Мы, таким образом, можем прояснить имманентное содержание свободы: она воплощает собой высший тип социальности, в котором всякое внешнее принуждение и понукание снимается внутренним напряжением требовательного к себе - в силу высокой самооценки и достоинства - самодеятельного духа. Совсем иной интенцией характеризуется то, что называется процессом эмансипации. Он характеризуется психологией субъекта, мечтающего потакать собственным слабостям и эмигрировать из среды, кажущейся ему слишком требовательной. Здесь речь идет не о том, чтобы напряженность внешних требований сменить напряженностью хозяйской самодисциплины, а о снятии всякого напряжения в пользу гедонистической расслабленности.

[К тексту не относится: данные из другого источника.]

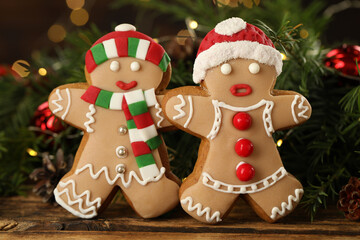 Wall Mural - Delicious homemade Christmas cookies and festive decor on wooden table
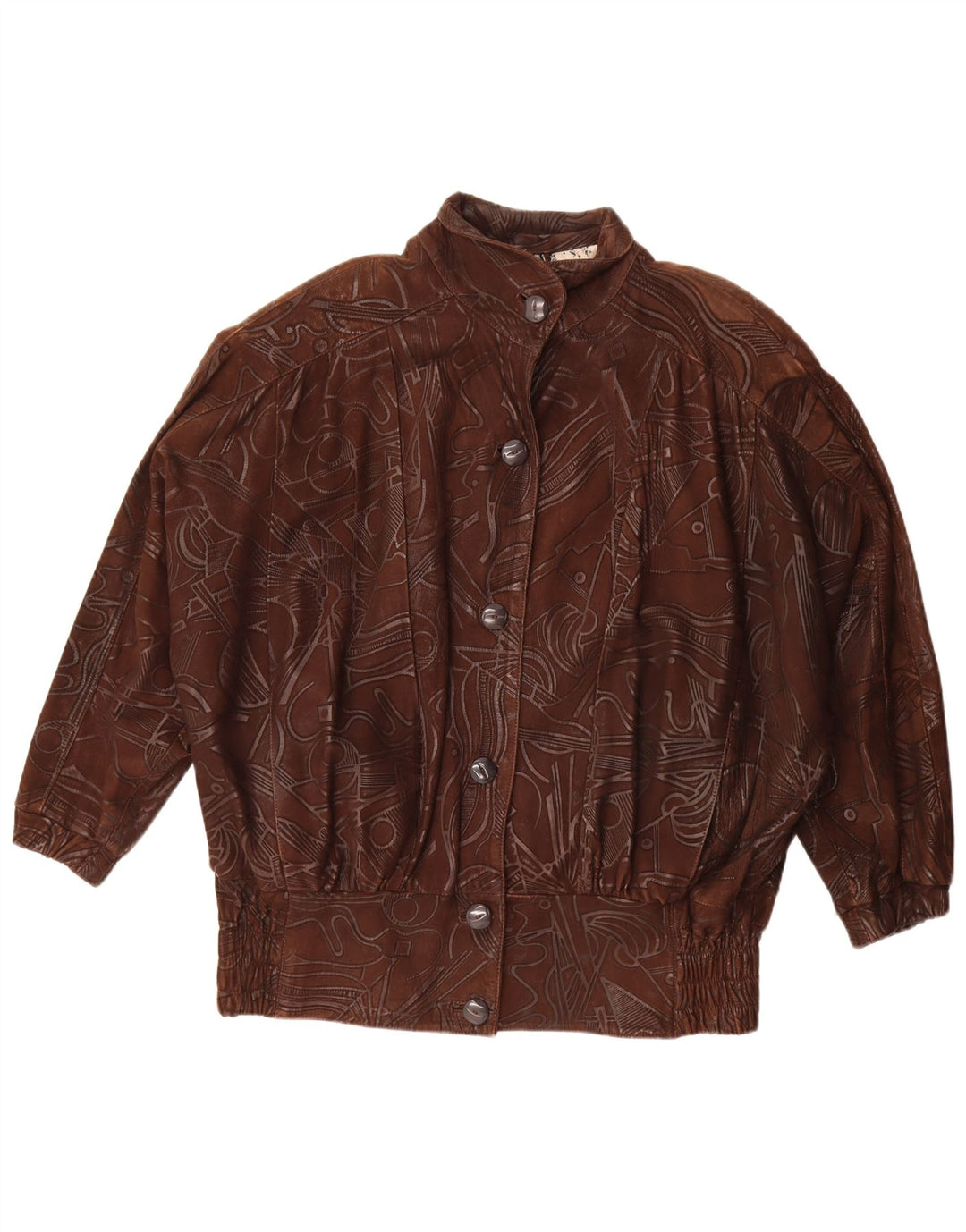 Vintage kvinders abstrakt mønster oversized jakke EU 38 medium brun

Если классический бюргерский либерализм был связан с социализирующим духом хозяйской свободы, то нынешний вырожденческий либерализм - с десоциализирующими искушениями чувственной эмансипации и апологетикой инстинкта.
Здесь мы имеем дело со специфической волей богемствующего либерального авангарда, той самой стихийно-асоциальной волей, в приверженности к которой он обвиняет ненавистную ему народную ментальность. Приходится признать, что этот авангард, прошедший специфическую школу "расслабленности", уже не способен выдерживать предельное напряжение подлинного творчества. Вместо того, чтобы сталкиваться с сопротивлением физически упругой реальности и подчинять ее творческой воле на основе познания реальных законов физического мира, новых открытий вещества и энергии, он предпочитает вынести физическую действительность за скобки и всецело отдаться играм со знаками и свободному знаковому обмену.